Date of Award

Summer 8-21-2015

Level of Access Assigned by Author

Campus-Only Dissertation

Degree Name

Doctor of Philosophy (PhD)

Department

Literacy Education

Advisor

V. Susan Bennett-Armistead

Second Committee Member

Richard C. Kent

Third Committee Member

Janice V. Kristo

Abstract

The purpose of this study is to better understand home literacy activities, behaviors, and beliefs of Korean mothers who are adult English language learners (ELLs) in the United States. In this study, I examined mothers’ behaviors during reading and their beliefs and perceptions on the reading experience based on a sociocultural view of children’s literacy development. In addition, I studied how these factors work together to assist emergent bilingual children's acquisition of English and their literacy development through a case study of four Korean mothers who have preschool-aged bilingual children. First, I documented both verbal and nonverbal behaviors of Korean mothers during reading with their children. I used descriptive statistics to indicate the frequency and duration of their behaviors, cross-case and case-specific analysis to report the behaviors, and multimodal discourse analysis to describe the mothers’ behaviors. Second, Korean mothers’ beliefs and perspectives on their children’s reading experiences were investigated through survey, retrospective, and in-depth interview. In order to examine the mothers’ beliefs, I used case-specific and cross-case analysis as well as the descriptive statistics of survey data. Finally, I examined the perspectives of cross-linguistic and cross-cultural reading practices of mothers. The similarities and differences of reading practice were pointed out when the mothers read books in Korean and in English.
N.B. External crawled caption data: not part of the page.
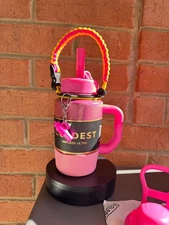 Sale 2DAY  Rare Coldest 15oz Limitless KISSED DREAM , 3 Lids  Leak proof, NIB 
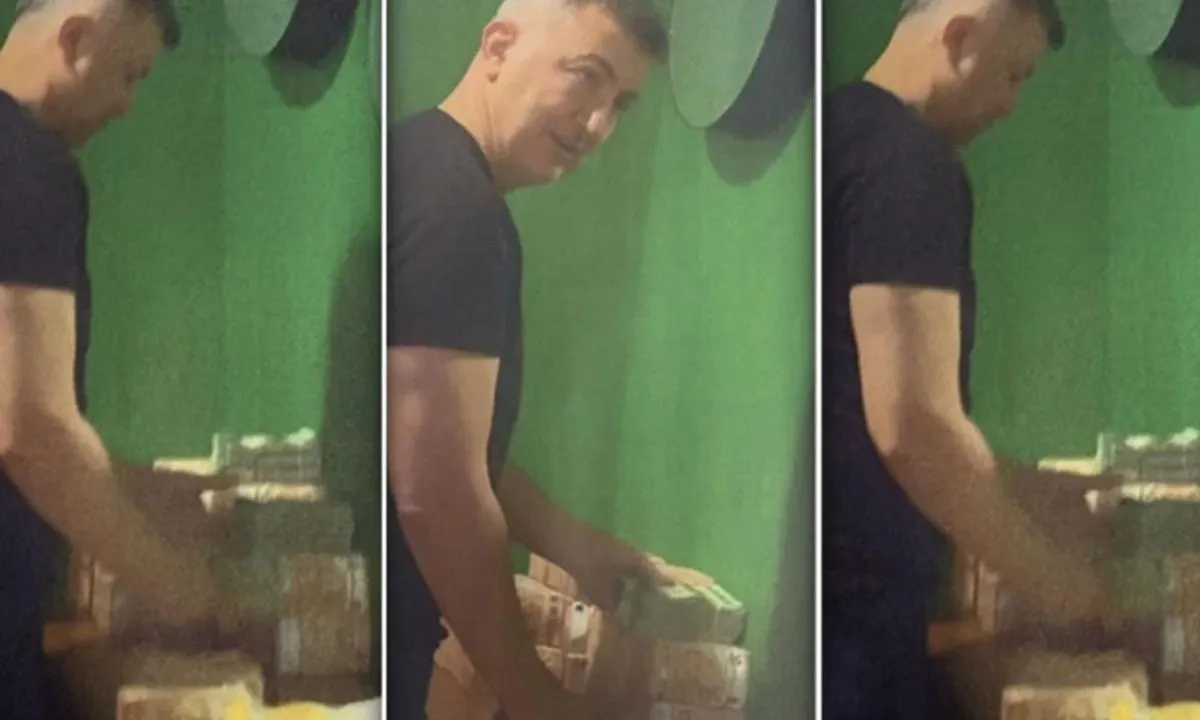 Villa severlik yeni görüntülerle doğrulandı! İmamoğlu’nun sağ kolu Tuncay Yılmaz kayıt dışı para alırken görüntülendi!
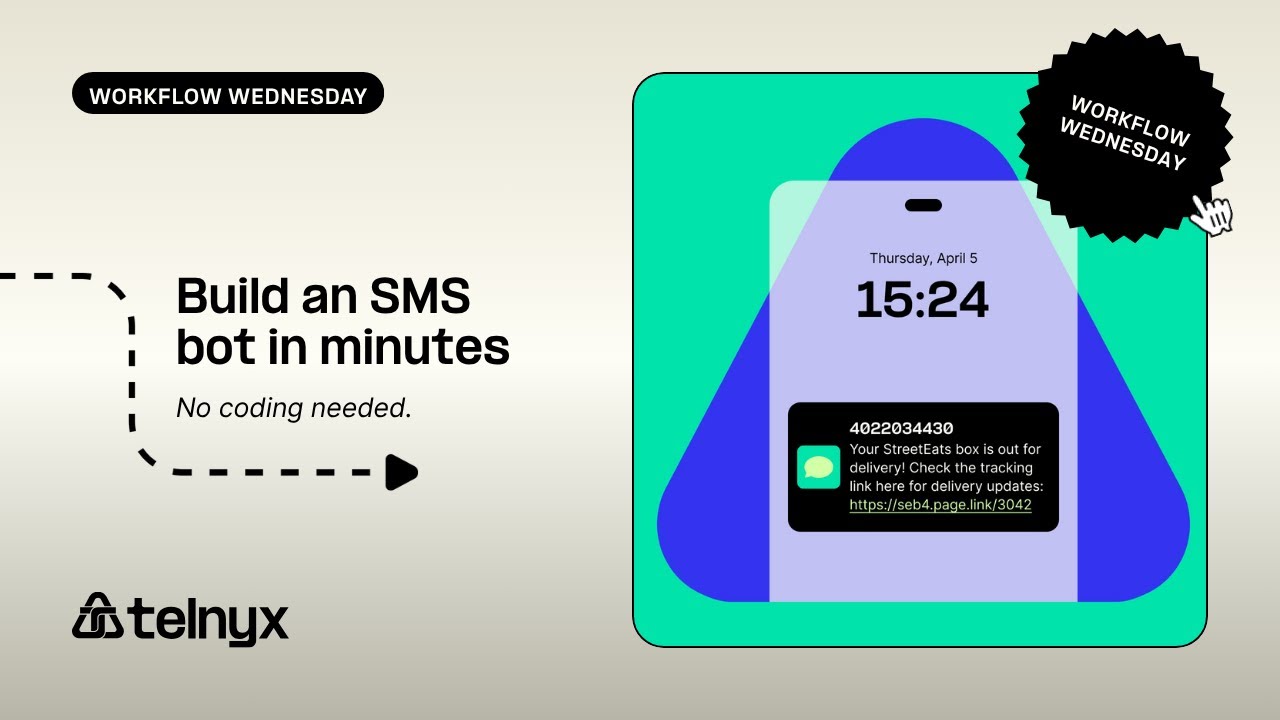 How to Build a Messaging Bot with Telnyx Flow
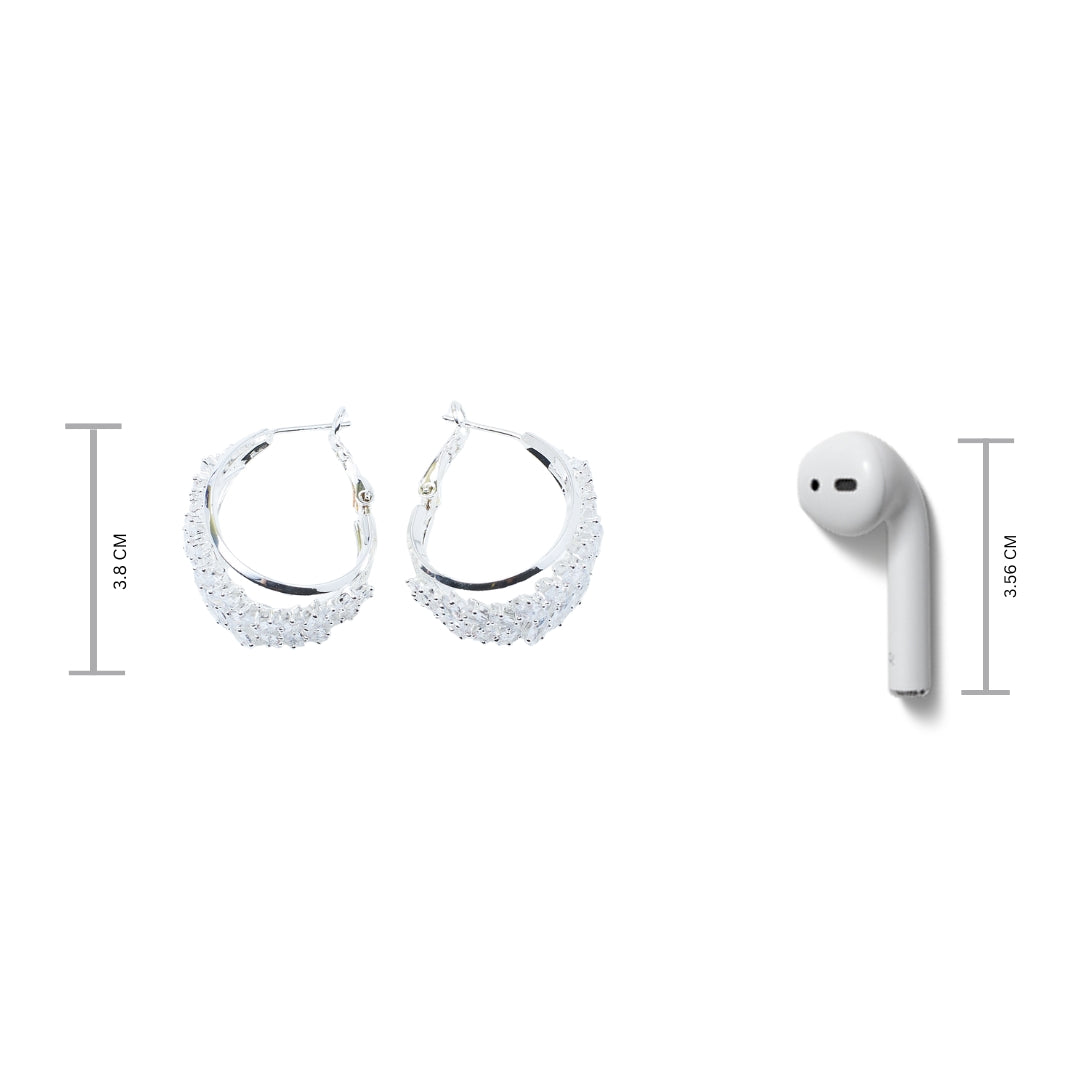 Couture Earrings Salty
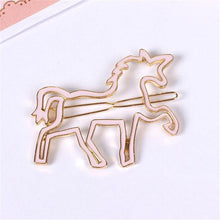 Load image into Gallery viewer, Unicorn Hair Clips (3 Colors)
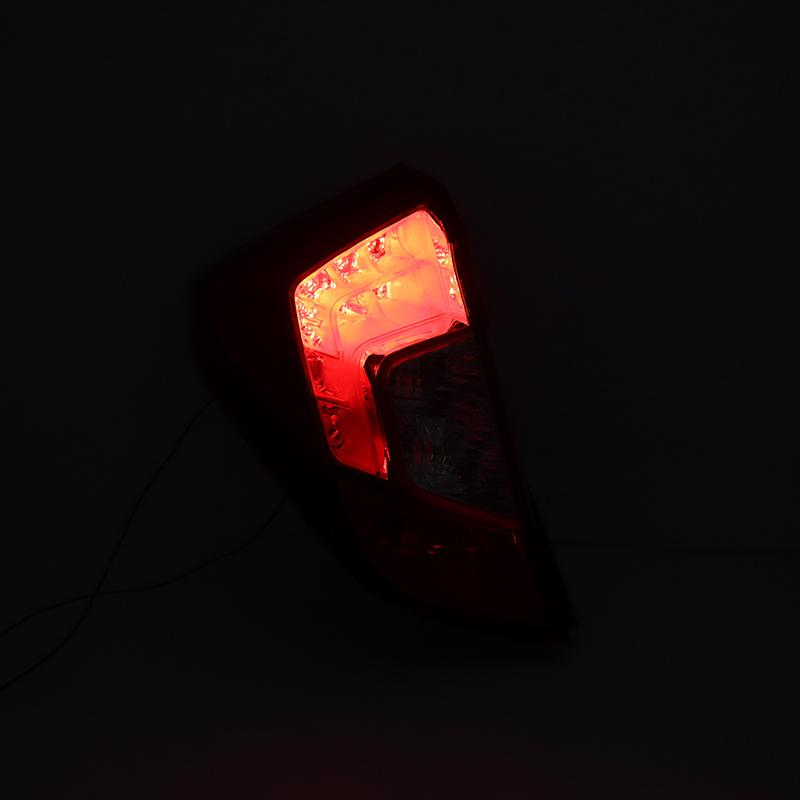 For Honda JAZZ FIT Hatchback 2014 2015 2016 Car Rear Tail Lamp Tail Light Auto Turn Signal Taillight Assembly Without Lamp Bulb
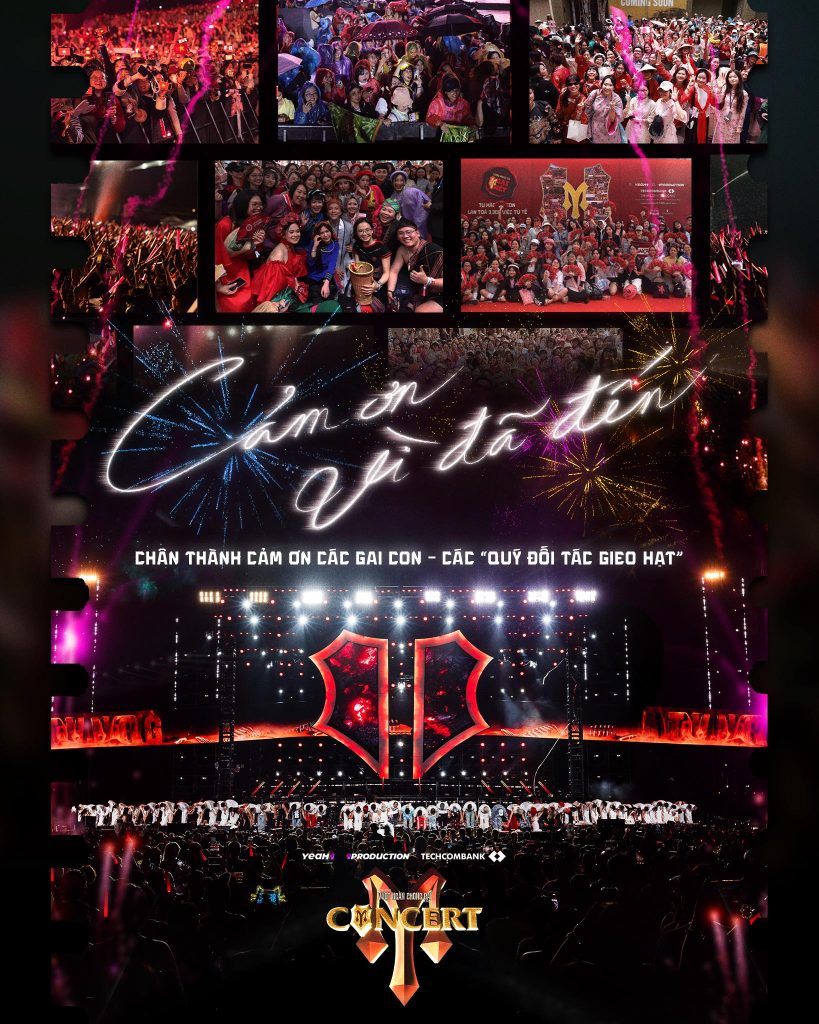 Đêm Concert cuối cùng của "Anh trai vượt ngàn chông gai 2024": Setlist 50 ca khúc, khép lại hành trình 500 ngày- Ảnh 4.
This current study highlights four Korean mothers’ reading behaviors, beliefs, and perspectives. First, Korean mothers show some similar and different verbal and nonverbal reading behaviors. When Korean mothers read books to their children, they have reasons for their verbal and nonverbal behaviors. Mothers behave in certain ways for two reasons: affective reasons and instructional reasons. Mothers sometimes show several behaviors sequentially and other times present several behaviors simultaneously for a certain reason. Next, Korean mothers believe that reading is both for fun and for learning. Mothers use specific linguistic, proxemic, and paralinguistic behaviors in order to give their children pleasure in reading, to develop children’s language, to help children to attain the knowledge. Finally, Korean mothers indicate their own cross-linguistic and cross-cultural perspectives in this study. Additionally these mothers have a tendency to provide more Korean language and culture to their children than English.